Anne Heches Sohn könnte potenziellen Hürden bei der Ausschreibung des Nachlasses des Schauspielers gegenüberstehen, sagt Anwalt – Exklusiv

Der älteste Sohn von Anne Heche, Homer Laffoon, versucht, die Kontrolle über den Nachlass seiner Mutter zu übernehmen.

Der „Six Days Seven Nights“-Schauspieler krachte im August mit seinem Auto in ein Haus in Los Angeles und ließ sie mit einer „schweren anoxischen Gehirnverletzung“ und einem Koma zurück. Sie starb einige Tage später, nachdem ihr die Lebenserhaltung genommen worden war. Heche wurde auf dem Hollywood Forever Cemetery beigesetzt, also „wird sie unter ihren Hollywood-Kollegen sein“, sagte Laffoon in einer Erklärung gegenüber Entertainment Tonight. „Hollywood Forever ist ein lebhafter Ort, an dem Menschen ins Kino, zu Konzerten und anderen Veranstaltungen gehen“, fuhr Laffoon fort. „Sie war unsere Mutter, aber die Freundlichkeit und Ausgießung der letzten Tage hat uns daran erinnert, dass sie jetzt und für immer auch zu ihren Fans gehört, zur Unterhaltungsgemeinschaft.“

Neben Laffoon hinterlässt Heche auch ihren 13-jährigen Sohn Atlas Tupper, den sie mit dem Schauspieler James Tupper teilte. Jetzt, einen Monat nach Heches Tod, will Laffoon den Rest des Nachlasses des Schauspielers verwalten. Aber Rechtsexperten sagen, dass dies noch in weiter Ferne liegen könnte.
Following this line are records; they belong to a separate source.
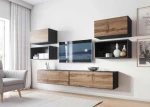Cama living room furniture set ROCO 3 (2xRO3+2xRO4+2xRO1) antracite/wotan oak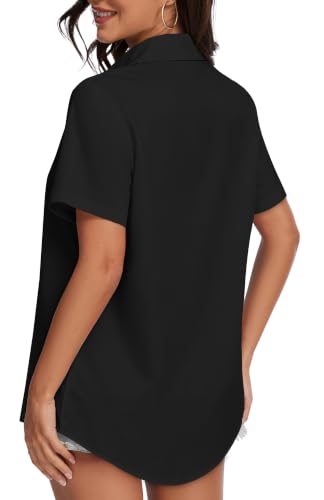 CHICALLURE Womens Hawaiian Shirts Short Sleeve Summer Tops,A Black,L
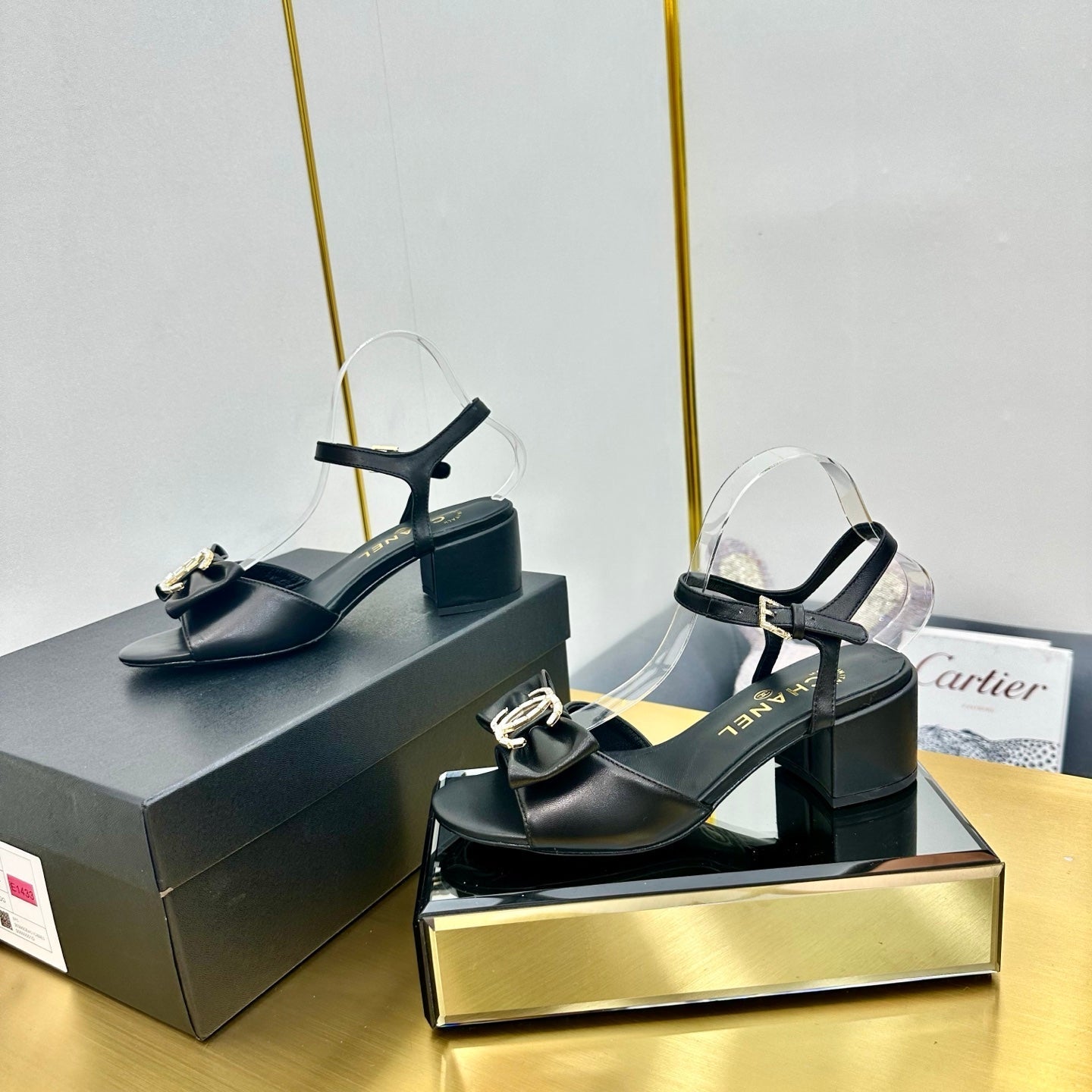 CHANEL BOWKNOT RHINESTONES MID HEEL SANDAL IN BLACK CALFSKIN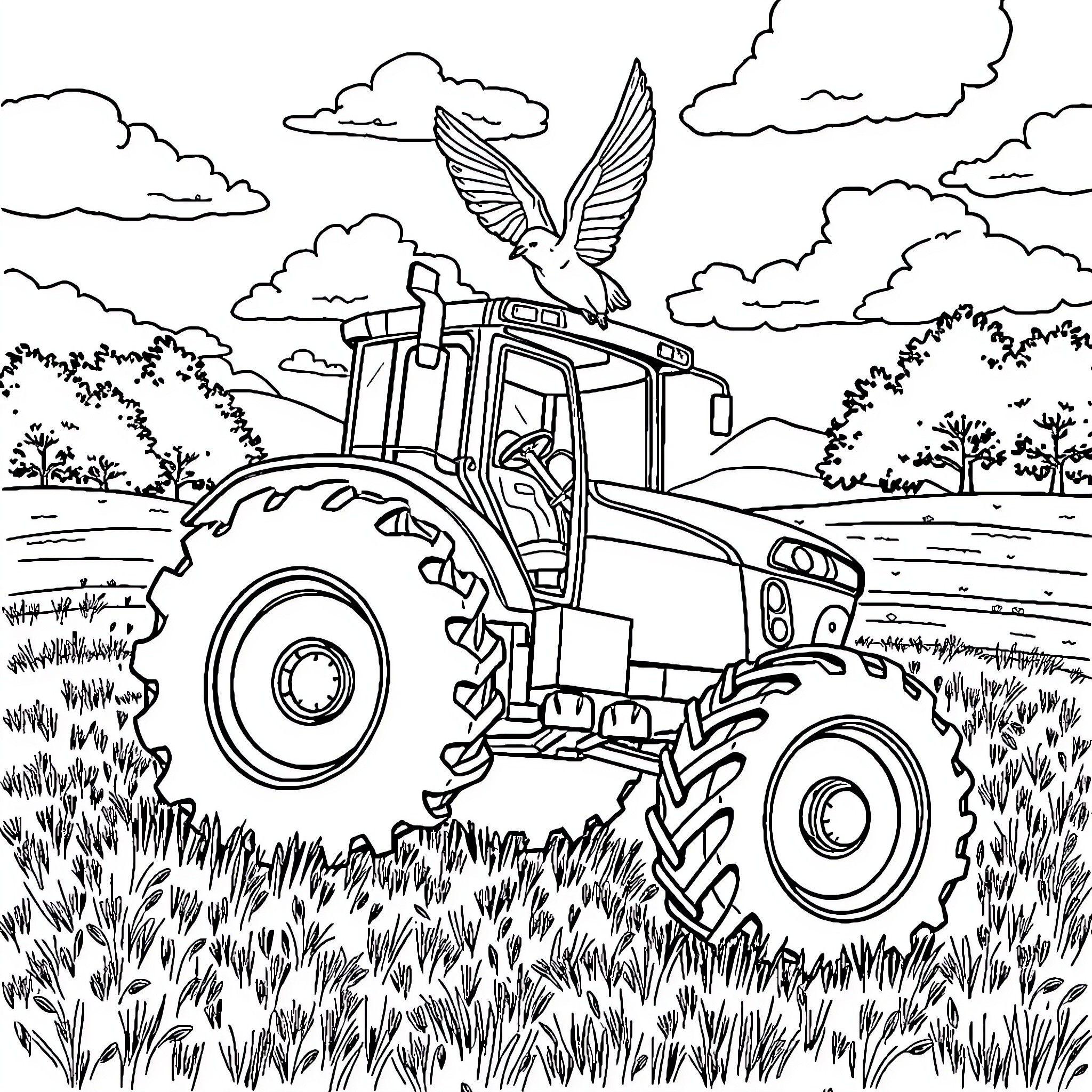 Tractor soaring through the countryside Coloring Page (free black-and-white line drawing printable PDF for all, from beginners to advanced learners, including children, teens, adults, and seniors)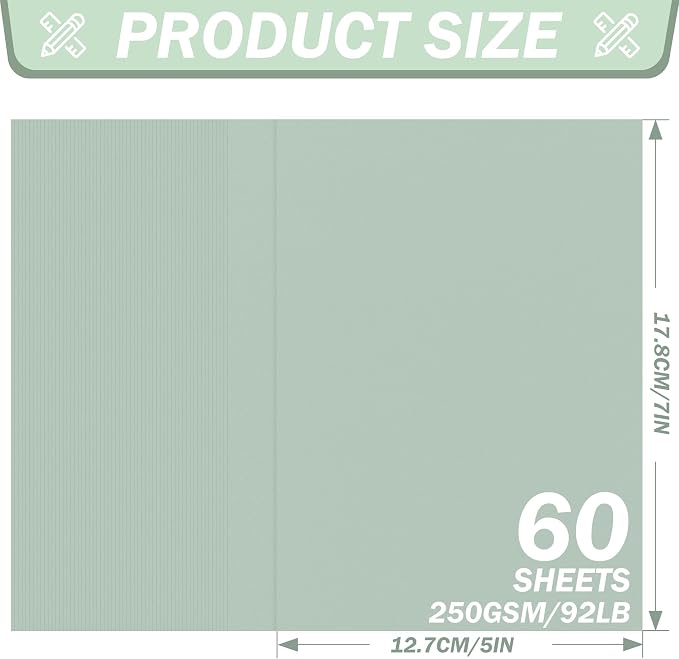 5x7 Inch Sage Green Cardstock 250GSM/92LB 60 Sheets Card Stock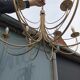 Old chandelier 12 lamps vintage brass lights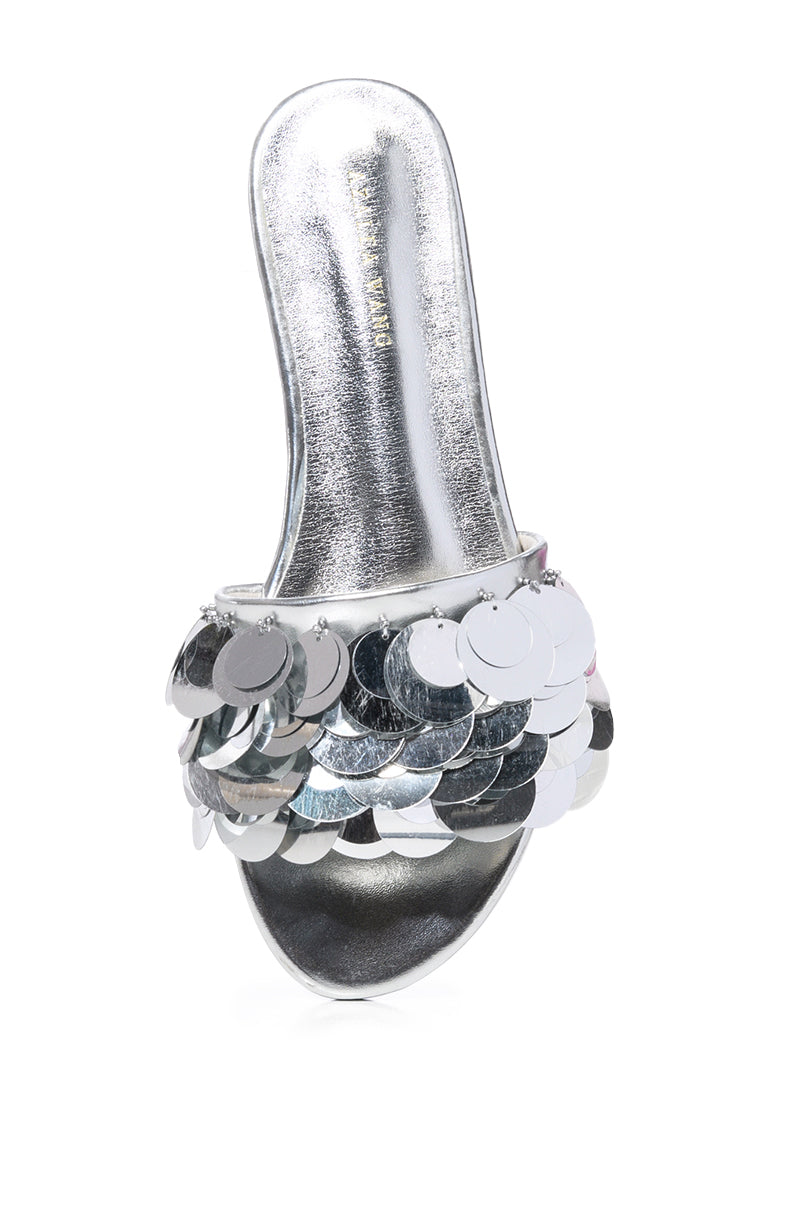AZALEA WANG TACHI EMBELLISHED FLAT SANDAL IN SILVER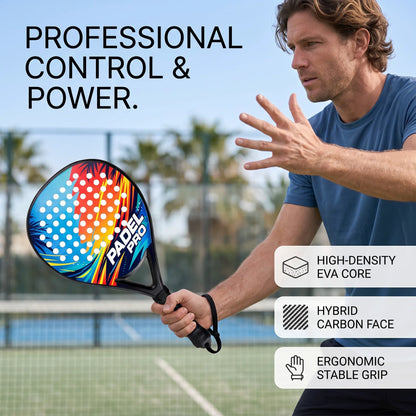 Professional Carbon Fiber Padel Racket with High-Density EVA Foam Core – Power & Control Hybrid Shape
Anwälte sagen, Anne Heches Sohn werde keinen einfachen Übergang haben

Laut Gerichtsdokumenten, die E! Homer Laffoon versucht, die Kontrolle über Anne Heches Nachlass zu übernehmen, obwohl der Schauspieler kein Testament hinterlassen hat. „Dieser Petition liegt eine Petition für die Ernennung eines gesetzlichen Vormunds des Minderjährigen bei“, heißt es in den Dokumenten, „die ausdrücklich fordert, dass der gesetzliche Vormund ermächtigt wird, im Namen des Minderjährigen auf Verpflichtungen zu verzichten.“

Aber Immobilien- und Nachlassanwalt Jack Hales, Gründer von Hales & Sellers, PLLC, einer in Dallas, Texas, ansässigen Firma, sagt, Laffoon würde es schwer haben, dies zu tun. Erstens führt das Fehlen eines Testaments zu „schwieriger gerichtlicher Aufsicht und potenziellen Rechtsstreitigkeiten“, da es möglicherweise keinen bekannten Testamentsvollstrecker gibt, der den Nachlass verteilt. Es kann auch „viele Monate“ dauern, bis überhaupt ein Testamentsvollstrecker identifiziert ist, da einige Landkreise unter Rückständen leiden. Darüber hinaus kann auch die Bestimmung der “gesetzlichen Erben” kompliziert sein und muss vor der Bestellung eines Verwalters bestimmt werden.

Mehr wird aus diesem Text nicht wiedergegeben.